Imagine that you are sitting in a cafeteria, casually gossiping with your co-workers about the latest celebrity scandal and showing off pictures from your child’s first birthday party. A man stands up in the middle of the room, climbs on a table, and announces to the room how much he loves his wife. Cute, right? Right. Now pretend that, instead, the man climbs on the table and claims anyone who thinks his wife is not the greatest woman in the world is ignorant and should reconsider their views on marriage. Still cute? Probably not.
This situation demonstrates the fine line between pride and arrogance, one that Brad Paisley and LL Cool J seem to straddle with their new song, “Accidental Racist”. (Yes, that is the actual title.) The tune, which aims to disassociate the love of the south with racism, has sparked some controversy over the past few days. Its bold lyrics and stance has even classified it as The Worst Song Ever by some (an inaccurate claim, considering Rebecca Black’s “Friday” is still in circulation).
I think this is taking it a bit too far. Yes, “Accidental Racist” is a brazenly controversial title. Yes, Paisley’s claims about wearing a Confederate flag shirt to demonstrate his love of Lynyrd Skynyrd are a little unbelievable. Yes, LL Cool J’s use of “conversate” instead of “converse” is frustrating to anyone with a brain. I’m not denying any of that. However, behind some of the song’s offensive proclamations (at one point, Cool J yells “RIP Robert E. Lee), lies some honest ideas, ones that could have been better expressed had they not been overshadowed by Paisley’s need to defend his southern pride.
For example, in the song’s chorus, Paisley sings:
I’m proud of where I’m from but not everything we’ve done.
And it ain’t like you and me can re-write history.
Our generation didn’t start this nation.
We’re still pickin’ up the pieces, walkin’ on eggshells, fightin’ over yesterday,
And caught between southern pride and southern blame.
Many critics (translation: the entire Internet) have condemned these lines for their suggestion that whites that express their appreciation for southern culture are subjected to discrimination simply because of the South’s past history. While, yes, the lyrics seem to lean towards the “Guys, it’s time to just let that whole slavery thing go” sentiment, they also point out a number of important themes, including the need to separate the person from their past and their image from their character. Additionally, Paisley’s patriotism for his homeland is almost admirable. After all, is it really wrong to be proud of your homeland? This is what the song is proposing.
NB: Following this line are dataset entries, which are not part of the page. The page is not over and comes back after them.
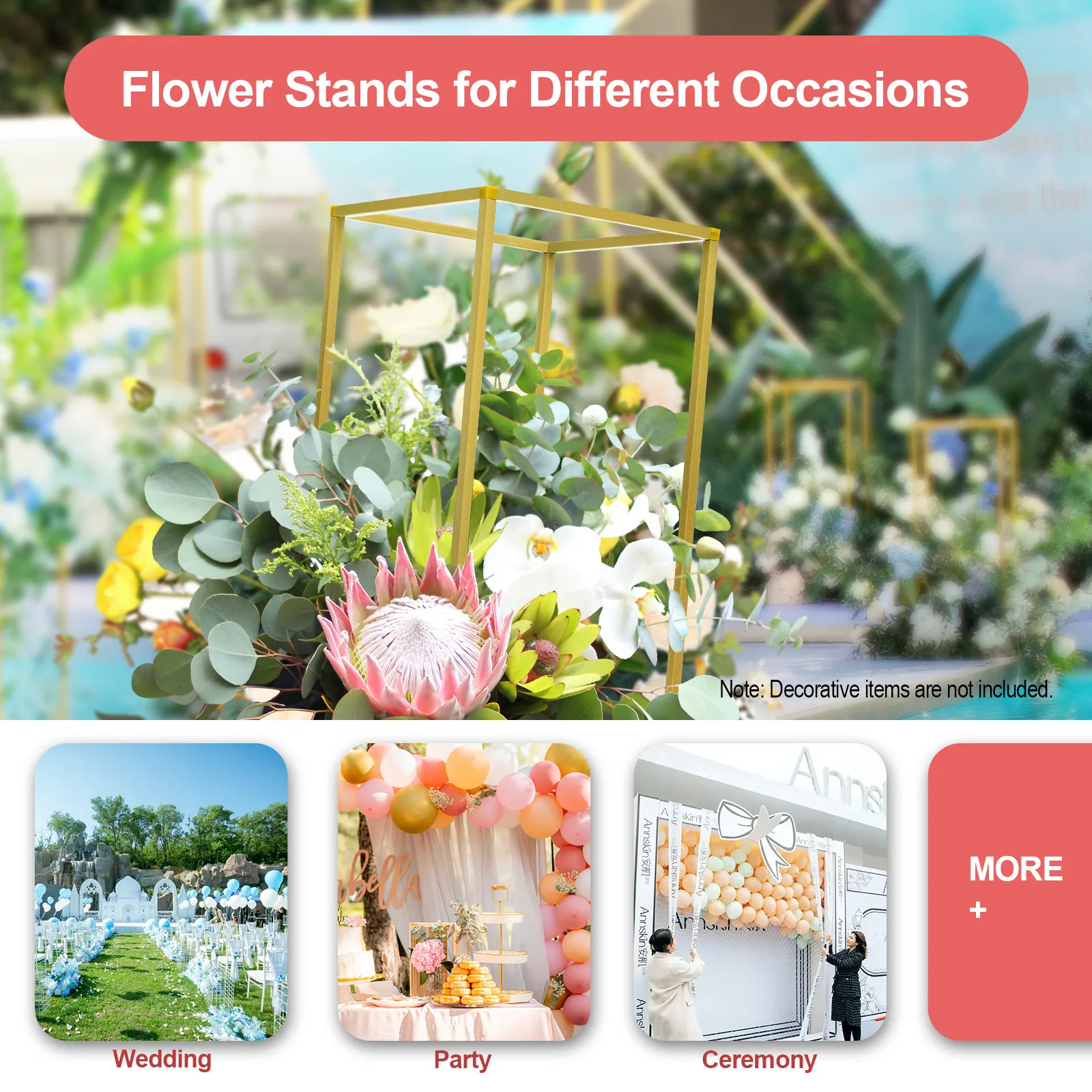 

10-Pack Gold Modern Flower Stands Set with Hammer 22lbs Load Capacity for Wedding Party Centerpiece Displays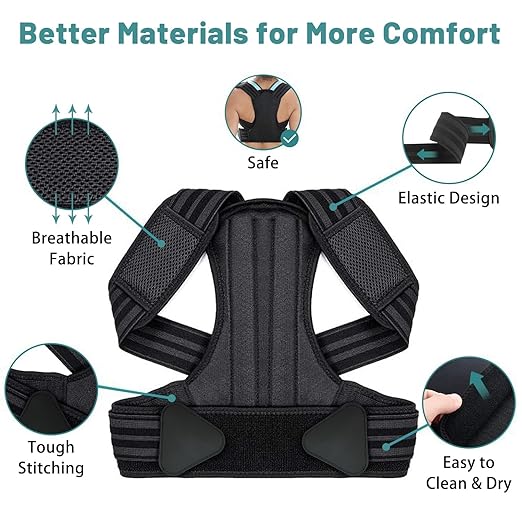 Ergonomic Posture Corrector for Men and Women, Adjustable Back Brace for Spine Alignment, Neck, Shoulder, and Clavicle Support, Improves Posture and Relieves Pain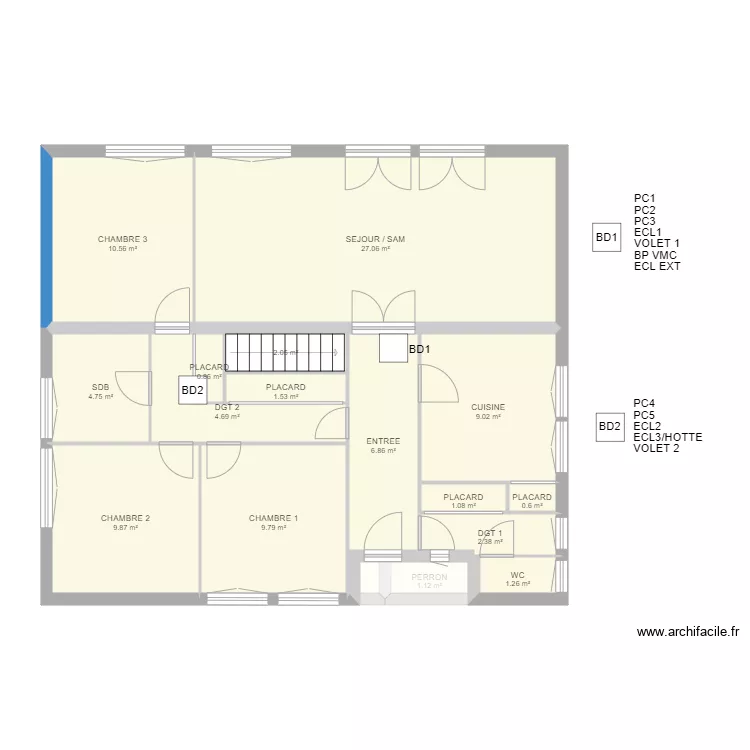 Boites grenier. Plan de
To be clear, I’m not defending “Accidental Racist” or the artists who created it. In fact, judging solely from this song, I might peg Paisley as the kind of guy to question why “Black Pride Month” is a socially acceptable concept while “White Pride Month” is not. What I’m saying is this: “Accidental Racist” may trivialize the South’s history by portraying “the white man living in the South land” as a victim, but the song’s concept stemmed from good intentions. This does not make what Cool J and Paisley appropriate, of course, for the same reason that telling your best friend her butt looks fat in her favorite dress is not appropriate, even if you were trying to be helpful.
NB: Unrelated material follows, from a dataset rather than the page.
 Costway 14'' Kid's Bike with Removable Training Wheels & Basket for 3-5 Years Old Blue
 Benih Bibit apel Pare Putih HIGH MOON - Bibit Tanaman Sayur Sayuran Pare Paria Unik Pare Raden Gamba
However, the situation does beg the question: Do good intentions justify bad actions? Should Paisley and Cool J be criticized for the song’s message, even though its underlying ideas were not meant to be malicious? If “Accidental Racist” were written with a bit more tact, could it have been redeemed? And lastly, can we write the tune off as an example of poor execution or should the duo be sentenced to some sort of psychological evaluation to determine how racist they really are? (Is racist even the right word?) Or if we decide to go back to the cafeteria metaphor, should we accept the lunch table guy’s slightly arrogant declarations simply because he has “good intentions” or should we tell him to sit down, keep his thoughts to himself, and let everyone continue discussing Kimye’s future child in peace?